Katharina Von Loga
I have been working with AI for seven years now, and the process of building AI models from whole slide images (WSIs) is both fascinating and complex. At Owkin, we are dedicated to improving the accuracy and efficiency of pathology diagnoses through AI.
The first step in building a model is to convert image tiles into numerical features that capture important tissue characteristics. As a pathologist, I help identify and label key features in the tissue samples, ensuring the model focuses on relevant characteristics. The machine learning model then identifies these features by comparing image tiles and their transformations. This unsupervised learning approach allows the model to compute a vector of features for each image tile.
Once trained, these features are used to process slides and make predictions. This involves supervised learning, where the model learns to distinguish between different classes based on the tile features. My role here is to provide expert feedback on the model's predictions, helping to refine its accuracy.
Model interpretability is crucial. For WSI models, interpretability involves highlighting which tiles contributed to a prediction and revealing common characteristics associated with each class.
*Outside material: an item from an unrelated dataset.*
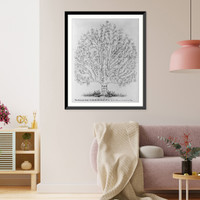 The common law in the similitude of a tree, Antique Print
This is often accomplished with a heatmap that highlights tiles associated with each class. By reviewing these tiles, I can confirm known features and discover new ones, ensuring the model's outputs are clinically meaningful.
Developing a machine learning model is an iterative process, requiring many tweaks and experiments to improve performance. The next step is to validate that the model is ready for use in a diagnostic tool, ensuring it predicts correctly and is interpretable.
Our collaboration at Owkin has been instrumental in this process. We work closely with engineers to refine the models, ensuring they are both accurate and interpretable. This collaborative approach allows us to advance the field of pathology through AI, and I am excited to see the continued progress we make together.